>>>>

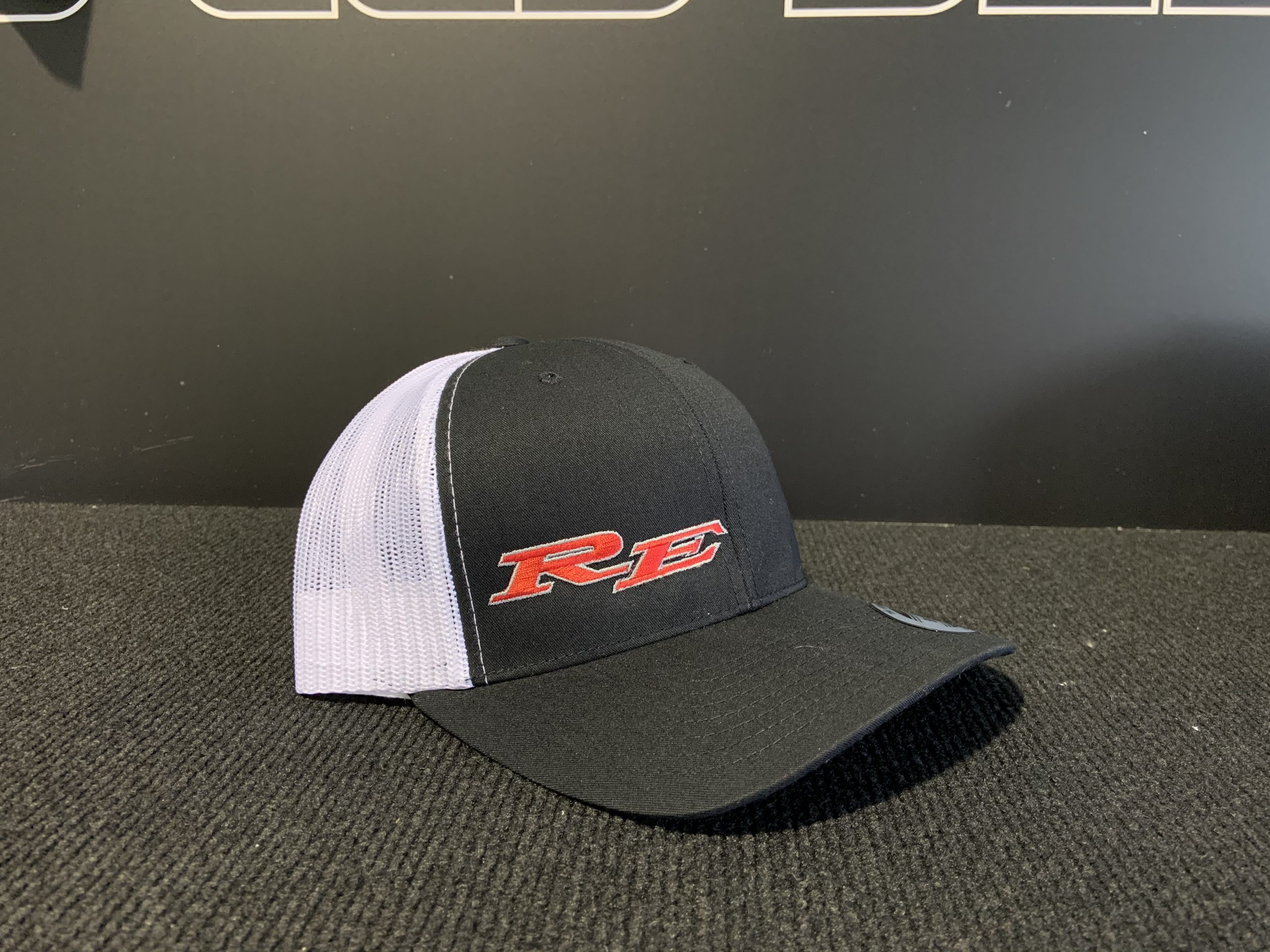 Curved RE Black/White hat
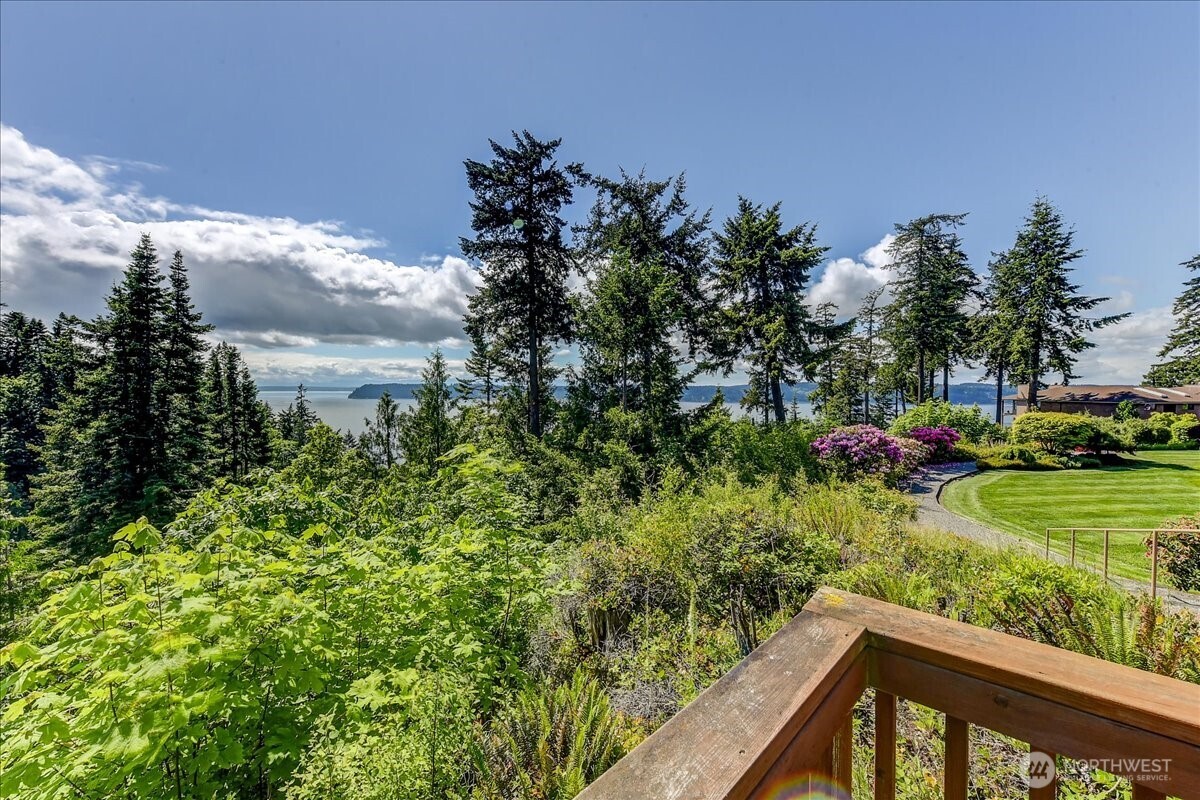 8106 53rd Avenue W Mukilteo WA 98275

<<<<
>>>>

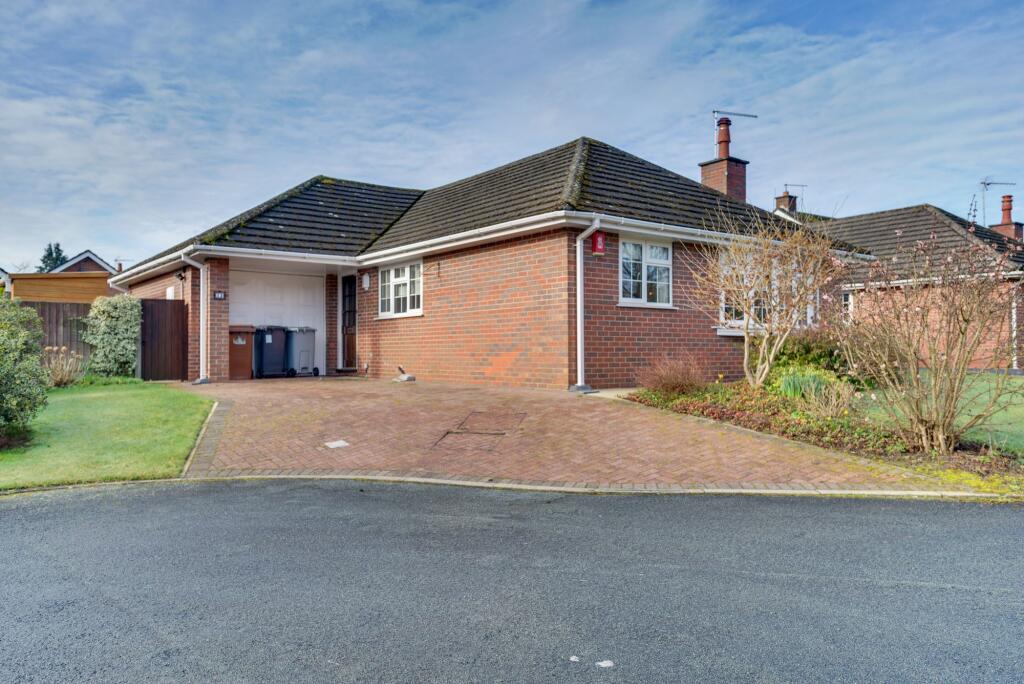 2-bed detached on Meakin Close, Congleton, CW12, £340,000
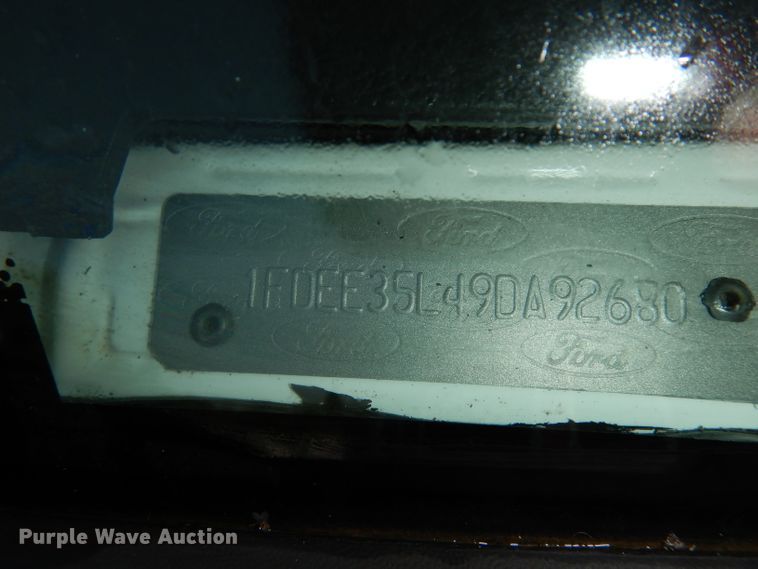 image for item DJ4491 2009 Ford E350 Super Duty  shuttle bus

<<<<
>>>>

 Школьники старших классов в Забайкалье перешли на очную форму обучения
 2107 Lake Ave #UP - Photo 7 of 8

<<<<

Task goal:
What lines above run from the one with "Curved RE Black/White hat" to the one with "8106 53rd Avenue W Mukilteo WA 98275"? Give them again exactly, ends included, and leave the pictures out.

Reply:
 Curved RE Black/White hat
 8106 53rd Avenue W Mukilteo WA 98275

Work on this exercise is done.